New research from Principal Financial Group found that there are a number of Gen X and Gen Y savers who are deferring 90% or more of the IRS maximum amount to their 401(k) accounts, which is between $16,200 and $18,000 per year.
Of those individuals, 91% listed saving for retirement as one of their main goals. In fact, millennials are twice as likely to say they are saving for retirement (90%) than raising a family (40%), Principal finds.
“These ‘super savers’ are incredibly driven,” says Jerry Patterson, senior vice president of retirement and income solutions at Principal. “We see them making sacrifices to achieve their goals, and sometimes that includes delaying milestones until they feel financially secure. Whether it’s driving an older vehicle or working extra hours, these individuals have said, ‘My future is important and I’m going to save to make it great.’”
Much of the financial conversation is around what different generations are doing wrong when it comes to money management. Principal Financial Group wanted to look at people who were making good decisions to see what they were doing to move the needle on financial security.
Super savers are willing to “make modest impacts on their standards of living today and those impacts will have a huge implication on their standard of living 20 to 30 years from now,” Patterson says. “These people made positive, sometimes hard sacrifices, earlier,” Patterson says. “If there is one flag we try to wave hard when we talk to young savers it is the importance of saving more, earlier.”
And that is exactly what these super savers are doing.
One of the more surprising findings from the Principal study was that “nearly 20% of these savers were carrying six figure student loan debt and yet they were still taking these hard, positive steps to balance saving and paying down debt at the same time,” he adds.

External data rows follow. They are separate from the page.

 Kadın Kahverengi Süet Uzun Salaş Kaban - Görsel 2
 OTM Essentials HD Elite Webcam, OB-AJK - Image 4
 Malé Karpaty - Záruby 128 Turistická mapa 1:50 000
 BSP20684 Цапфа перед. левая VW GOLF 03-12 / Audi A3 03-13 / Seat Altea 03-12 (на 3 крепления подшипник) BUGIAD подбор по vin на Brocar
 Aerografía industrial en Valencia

More than 2,400 super savers were surveyed between the ages of 23 and 51.
What else makes them super savers? According to Principal, they take fewer vacations, drive old cars and buy smaller homes than they would like.

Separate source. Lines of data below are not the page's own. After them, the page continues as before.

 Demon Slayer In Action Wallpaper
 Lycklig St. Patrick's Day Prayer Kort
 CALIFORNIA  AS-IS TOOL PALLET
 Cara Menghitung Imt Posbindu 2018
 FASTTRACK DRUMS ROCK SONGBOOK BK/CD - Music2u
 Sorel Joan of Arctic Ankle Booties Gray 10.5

“It is the kind of stuff we were coached to do growing up,” Patterson says. “Sometimes we lose sight of that.” He believes these people are being thoughtful, long-term thinking and practical.
The one question Principal Financial Group did not ask respondents was why they are doing this.
“One of the things that is happening with millennials is that they are being painted with this brush that all of them spend all their money on Kombucha juice and live in their parents’ basement and use student loan debt as a reason why they are not financially responsible,” he says.
But Principal found many responsible millennials who are taking positive steps to put themselves in a better place down the road.
He adds that some of the stereotypes about millennials are true but “plenty of millennials are doing everything they need to do given the difficult journey they will have, given how many jobs they are going to have.” Defined benefit pension plans are going away and Social Security may play a smaller role in their retirement.
“Plenty of millennials get that,” Patterson says. “They aren’t taking anything for granted and are saving right away.”